FAIRFAX, Virginia — Immigration and Customs Enforcement revealed Thursday that it arrested well over 3,700 sexual predators in the past fiscal year, as the agency’s announcement coincided with its grand opening of a facility dedicated to monitoring convicted sexual predators traveling internationally.

Homeland Security Investigations (HSI), the investigative unit of Immigration and Customs Enforcement (ICE), announced it initiated 4,224 child exploitation cases during the 2019 fiscal year, which began in October 2018 and concluded at the end of September. Those cases led to a total of 3,771 criminal arrests, and the identification or rescue of 1,066 victims.

The numbers reflected a significant uptick — 18% — from the previous fiscal year. It’s a result, HSI contended, of its commitment to ending crimes against children.

“HSI’s agents, in cooperation with our law enforcement partners, work tirelessly to find and bring to justice, individuals who commit these heinous crimes,” acting special agent in charge of HSI Seattle Eben Roberts said in a prepared statement. “Moreover, we are dedicated to rescuing from harm’s way our most precious population — our children — and those who seek to harm them should consider this a warning.”

ICE published a short list of individuals arrested by HSI agents in the Pacific Northwest area, who were later convicted of various child exploitation crimes, such as child pornography, and the sexual abuse and molestation of minors.

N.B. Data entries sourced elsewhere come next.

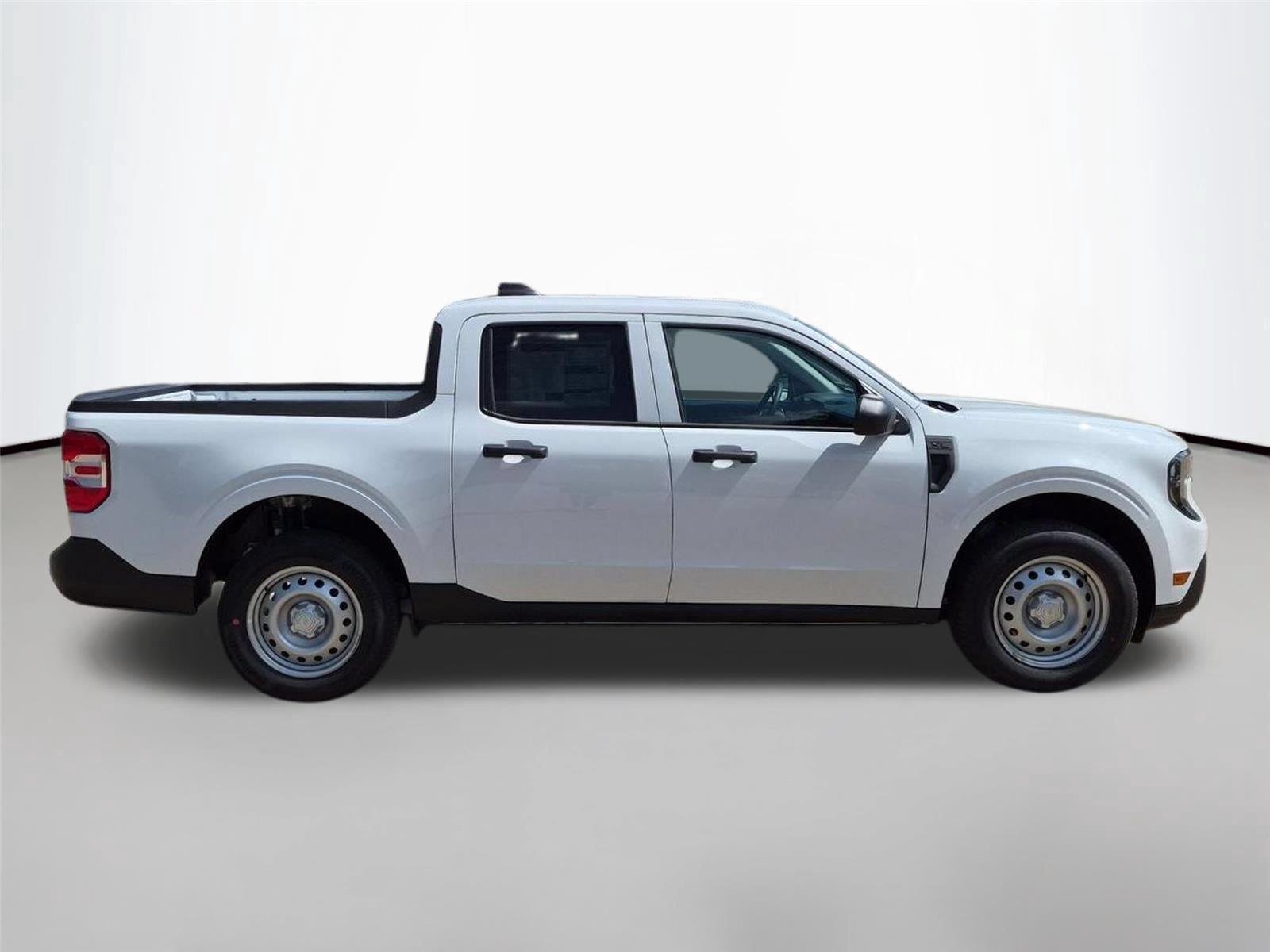 New 2026 Oxford White Ford XL image 6
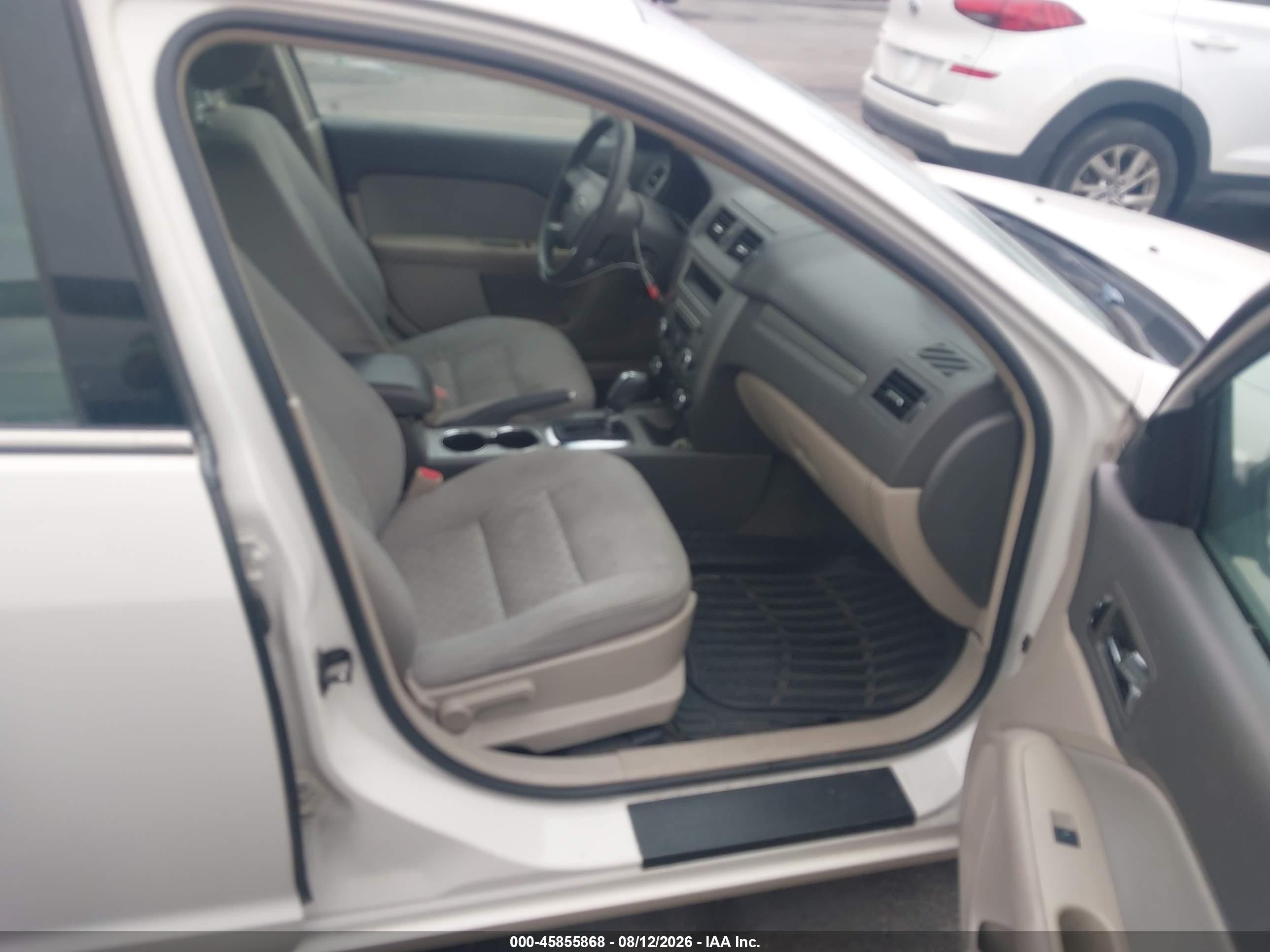 2011 Ford Fusion Se White vin: 3FAHP0HA4BR270191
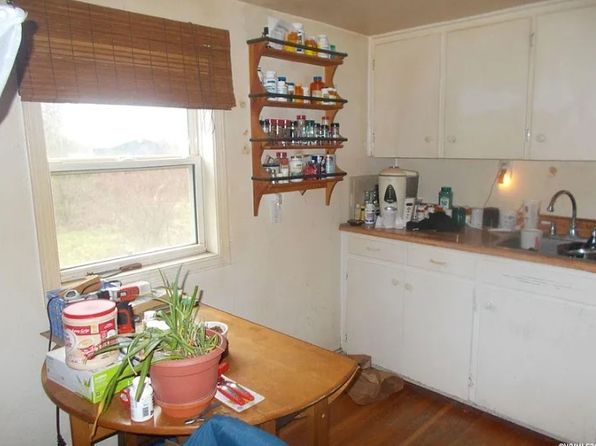 3507 Eleanor Ave NE #1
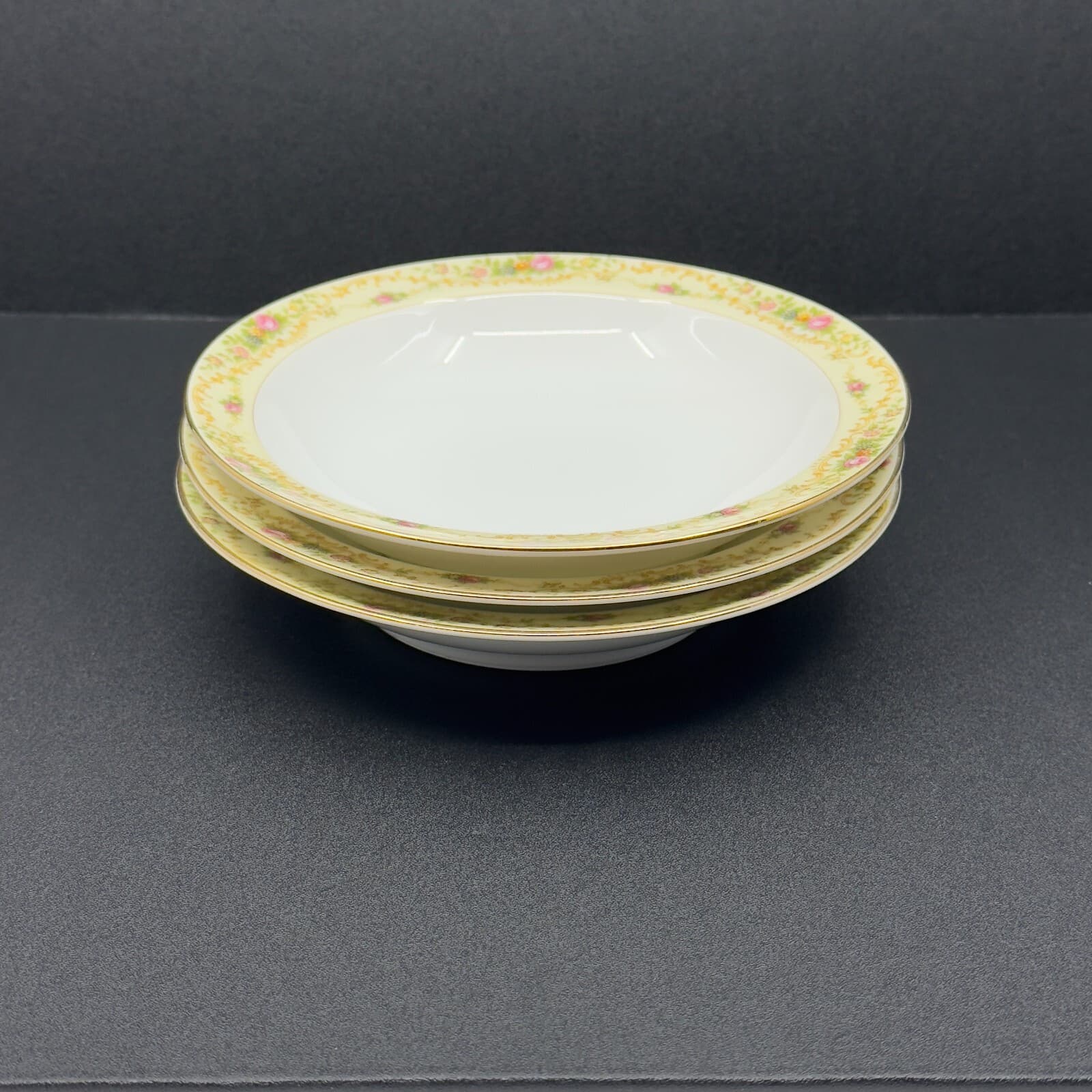 Meito China Modern Windsor 5 3/4" dessert bowls 22 karat gold trim (x3) - Thumbnail 5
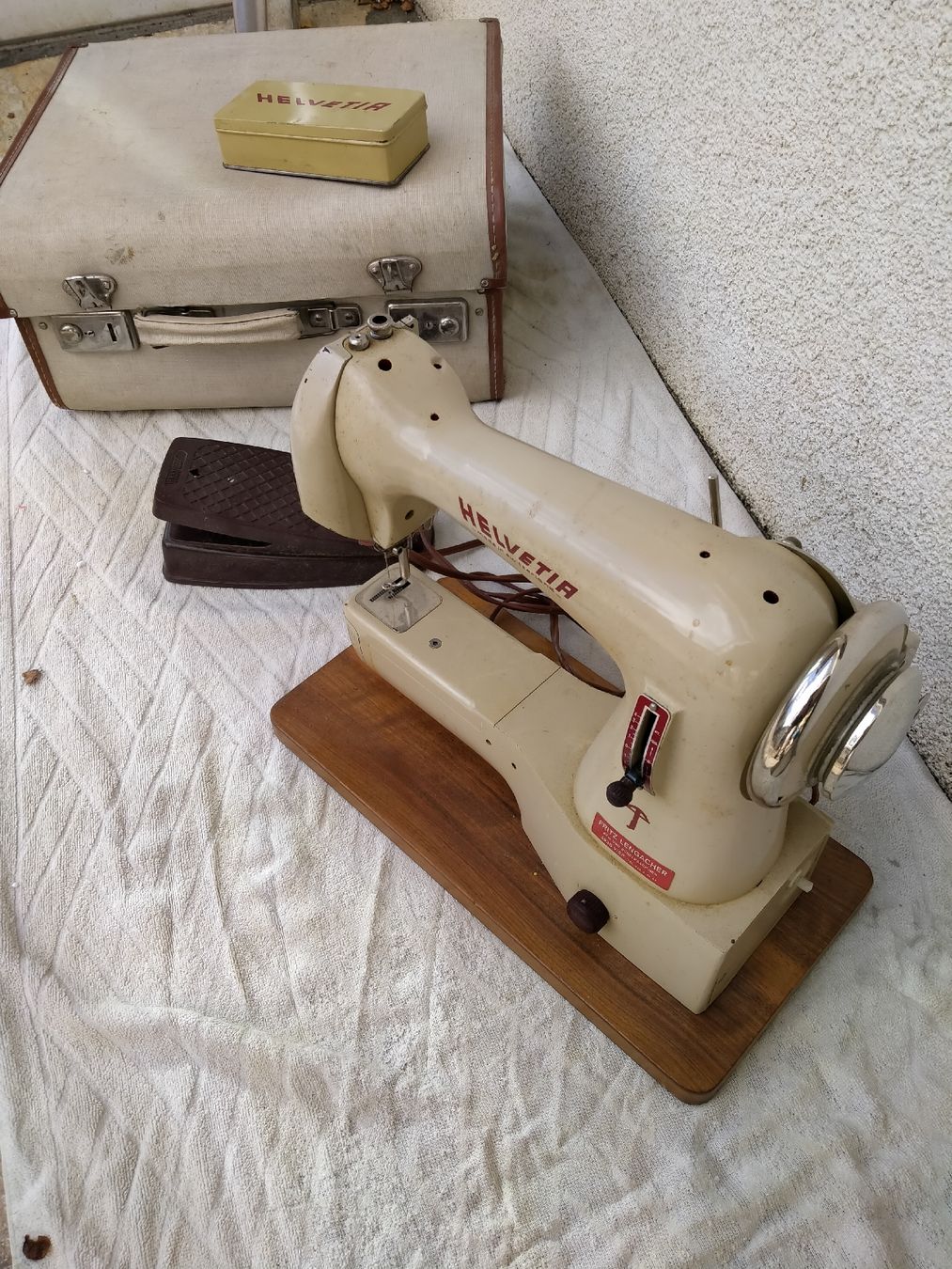 Macchine da cucire: Machine à coudre Helvetia – Usato da Miège venduto da sorman 1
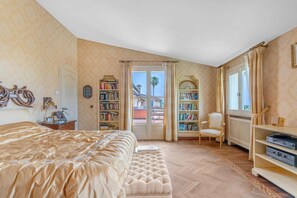 7 bedrooms, iron/ironing board, WiFi, bed sheets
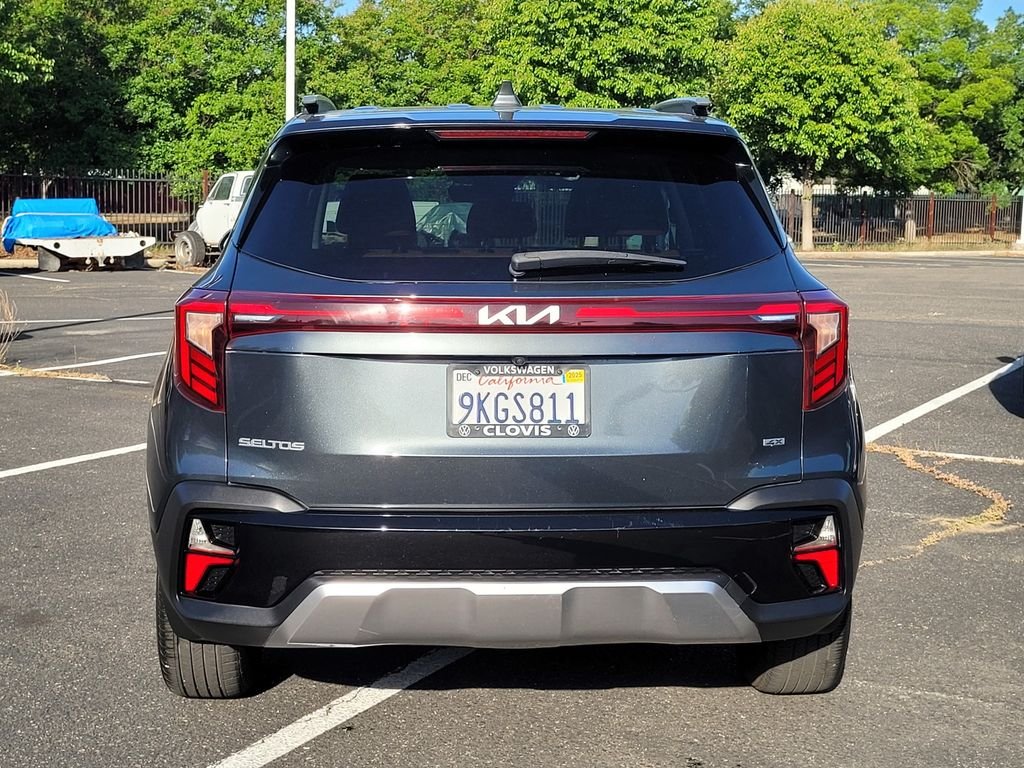 Used 2024 Gray Kia EX image 7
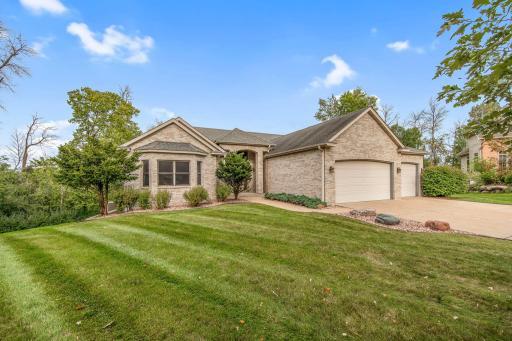 1367 Wolf Circle, Hugo, MN 55038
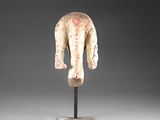 une photo d'une sculpture représentant un torse humain posé sur un socle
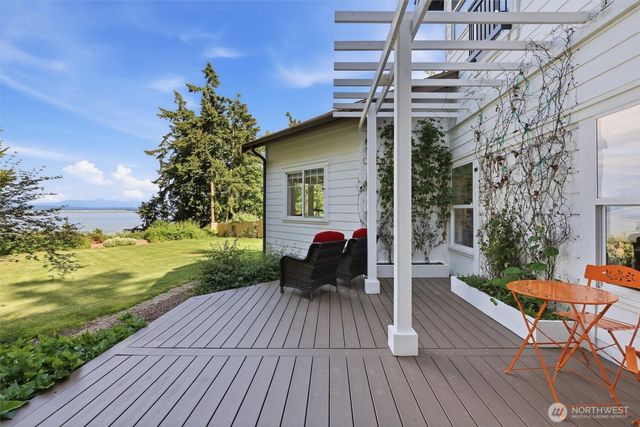 108 N Livingston Bay Road, Camano Island, WA 98282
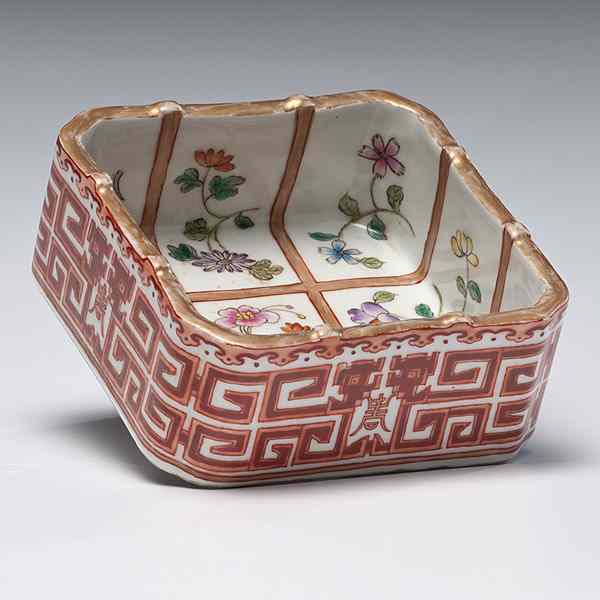 Appraisal: Rectangular Porcelain Tray Chinese a rectangular porcelain tray the interior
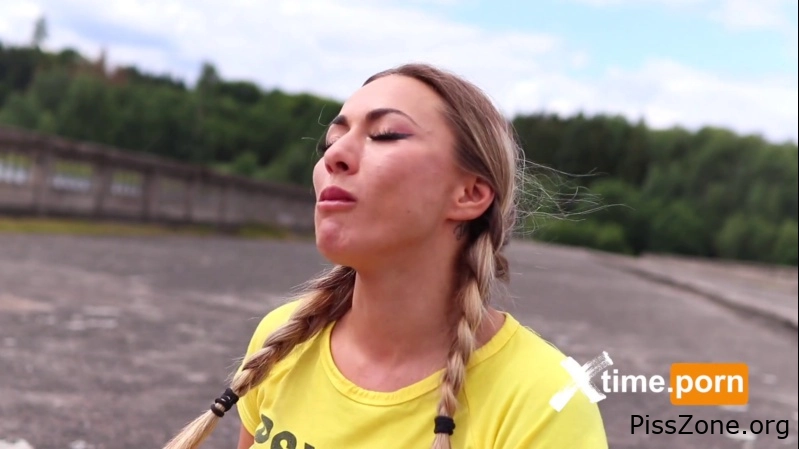 The Girl Pissing Game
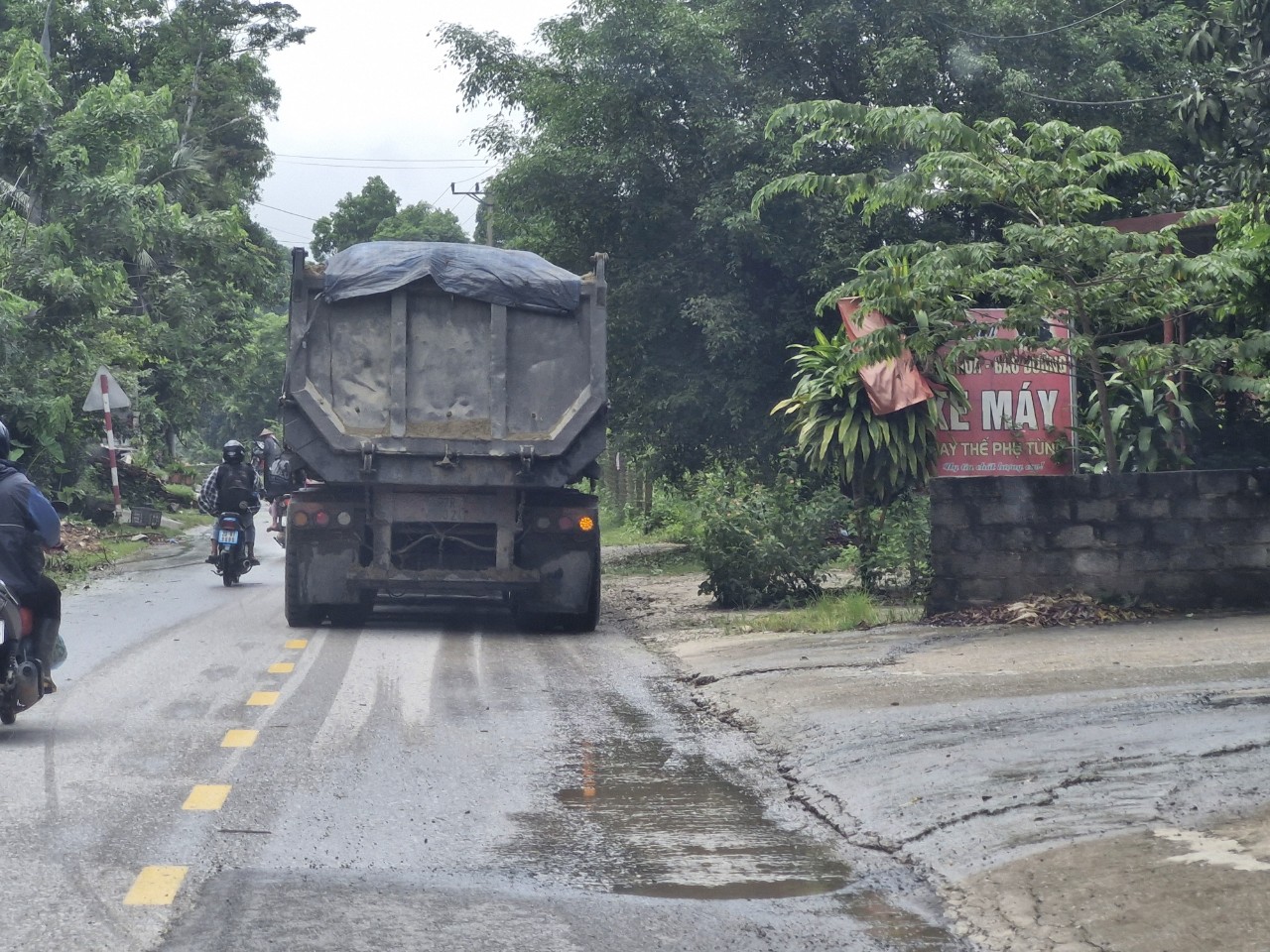 Xe qu&aacute; tải phục vụ nạo v&eacute;t l&ograve;ng hồ N&uacute;i Cốc, Th&aacute;i Nguy&ecirc;n- Ảnh 3.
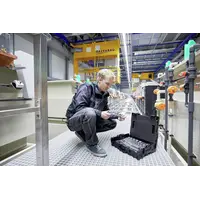 Nut driver and bit set 1/4" and 1/2"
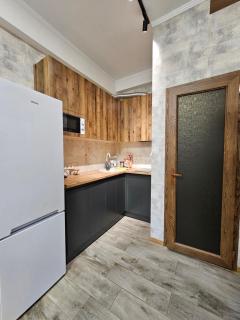 Sayat-Nova Creative Apartment - 1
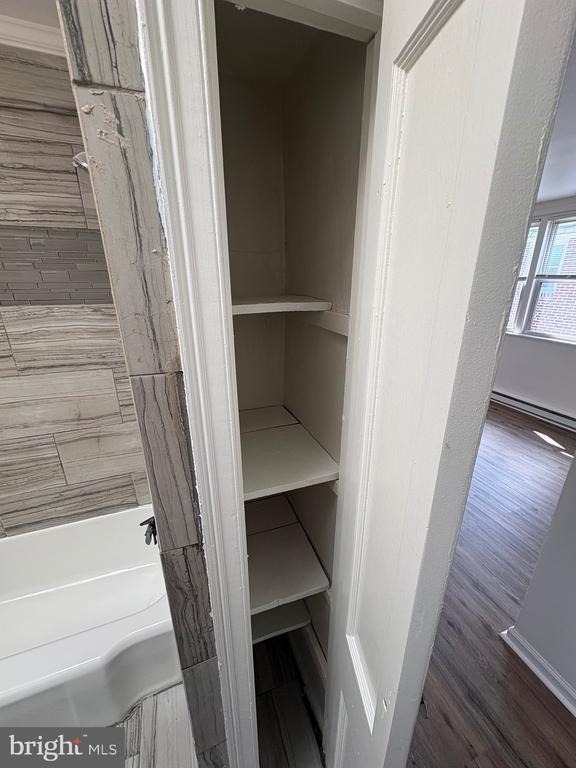 1031 Fanshawe Street - Photo 7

The news release coincided with the Thursday opening of HSI’s Angel Watch Center in Fairfax, Virginia — an addition to the agency’s Cyber Crimes Center. When convicted and registered child sex offenders are anticipated to travel to another country, it’s the job of the Angel Watch Center to notify the country’s government. The overall goal of the facility’s operation is the prevention of child sex tourism — the act of traveling internationally for the purpose of sexually exploiting minors.